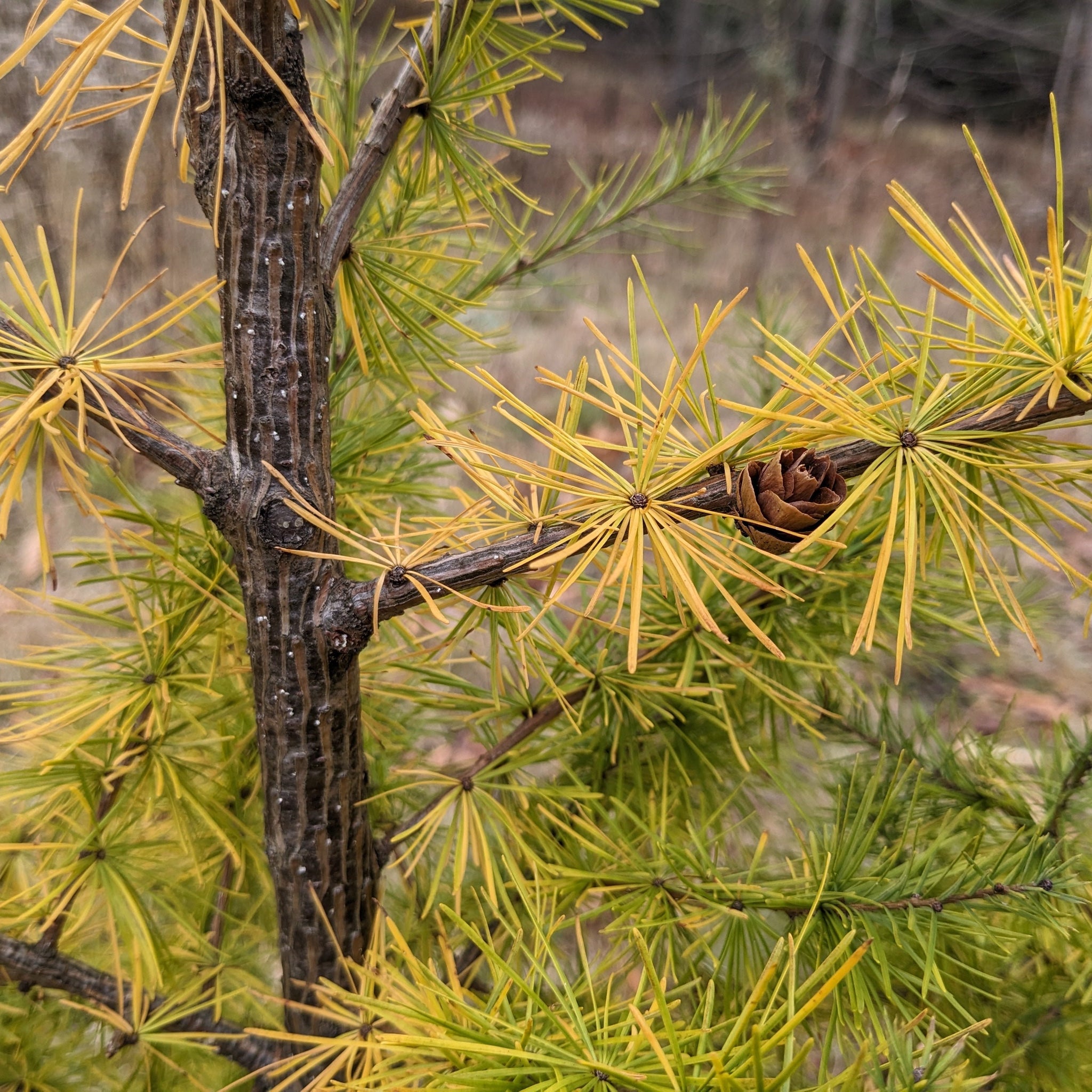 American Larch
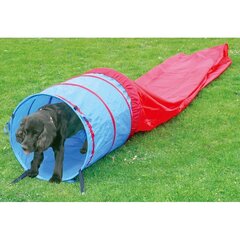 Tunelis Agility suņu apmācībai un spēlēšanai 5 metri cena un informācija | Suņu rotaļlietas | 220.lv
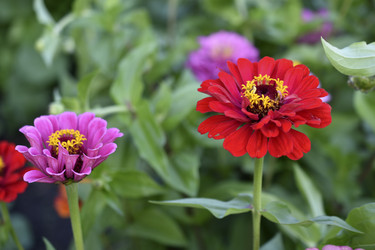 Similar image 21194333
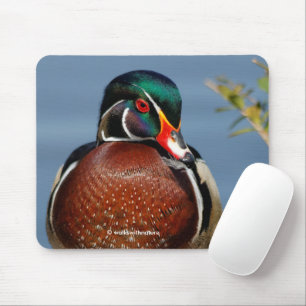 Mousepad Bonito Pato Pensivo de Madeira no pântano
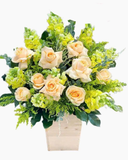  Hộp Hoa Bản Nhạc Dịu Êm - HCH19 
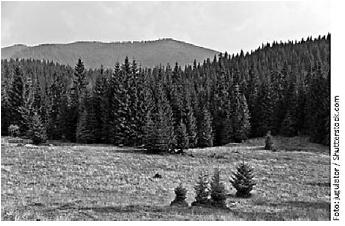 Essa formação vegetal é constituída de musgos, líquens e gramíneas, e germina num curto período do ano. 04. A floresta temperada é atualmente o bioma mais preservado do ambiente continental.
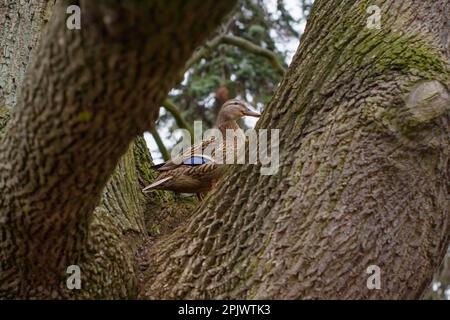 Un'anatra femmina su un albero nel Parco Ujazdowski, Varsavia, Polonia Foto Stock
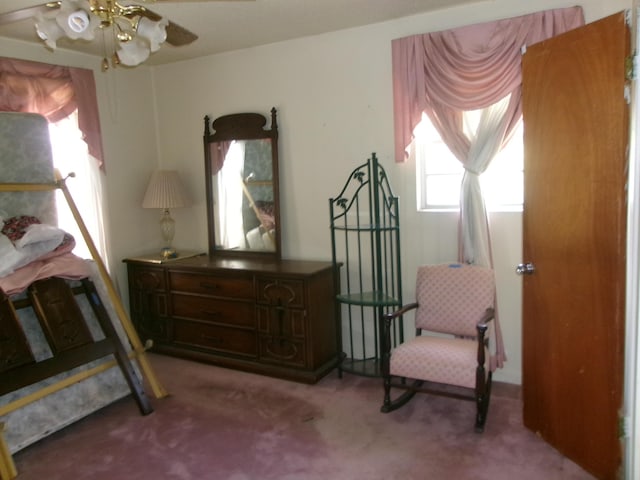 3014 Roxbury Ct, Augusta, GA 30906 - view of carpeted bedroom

# TASK DIRECTIONS:
Exactly the lines from the one that contains "Similar image 21194333" through the last line of the records should be set down, and the pictures should be dropped.

# RESPONSE:
 Similar image 21194333
 Mousepad Bonito Pato Pensivo de Madeira no pântano
  Hộp Hoa Bản Nhạc Dịu Êm - HCH19 
 Essa formação vegetal é constituída de musgos, líquens e gramíneas, e germina num curto período do ano. 04. A floresta temperada é atualmente o bioma mais preservado do ambiente continental.
 Un'anatra femmina su un albero nel Parco Ujazdowski, Varsavia, Polonia Foto Stock
 3014 Roxbury Ct, Augusta, GA 30906 - view of carpeted bedroom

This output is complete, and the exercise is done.